Widely regarded as the most aggressive on the planet, AB 32 calls for a host of GHG reduction measures, including the implementation of a cap and trade system by 2012. The Public Policy Institute of California predicts that more than $150 million will be spent trying to sway voters either way on AB 32, the most on any initiative in California's history.
Meg Whitman, the Republican nominee for governor, has stated her intention to postpone AB 32 for one year if elected. Jerry Brown, her Democratic opponent, has been a strong supporter of climate change legislation.
Let's look at three possible scenarios California voters could choose come November:
1. Preservation of AB 32 and Election of Jerry Brown
Should voters choose to uphold AB 32 and also elect Brown, who has stated his opposition to outright suspension of the statute, California will move to implement cap and trade by 2012 -- with the potential to become the first state in the U.S. to put a price on carbon.

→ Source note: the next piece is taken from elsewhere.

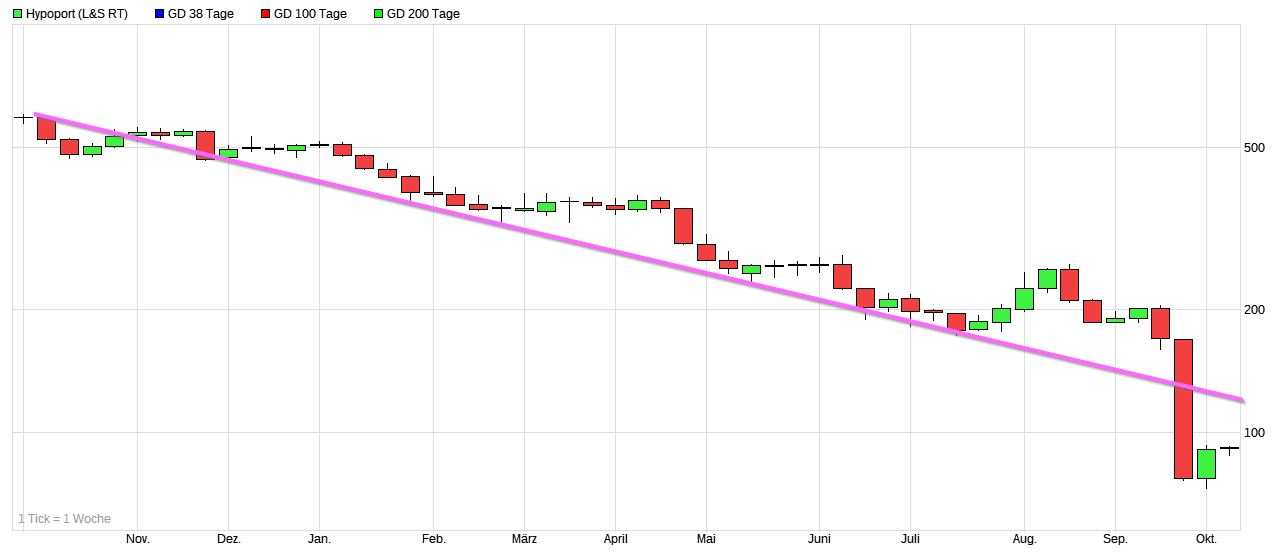 Dax & Co. - deutsche Aktien ins Depot! 1336229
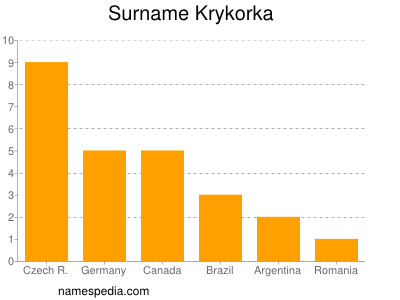 Surname Krykorka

This fast track approach will put California at odds with those preferring to stall or prevent action and with their federal representatives in Washington, who will surely seek legislation to either pre-empt or restrict California's plans.
Given the relatively broad support in Congress for climate legislation, as evidenced by the passage of Waxman-Markey, it is not likely that a federal response would terminate California's cap and trade plans without simultaneously establishing an alternative market-based approach.
In fact, given the divisiveness that has characterized the current session of Congress, it is hard to imagine collecting the 60 votes in the Senate required for a bill that would terminate an AB 32-driven California cap and trade plan. Consequently, should California continue with its plan to implement cap and trade by 2012, Congress will undoubtedly pass meaningful climate legislation by 2011, implementing a federal ruling to set a price on carbon by that time.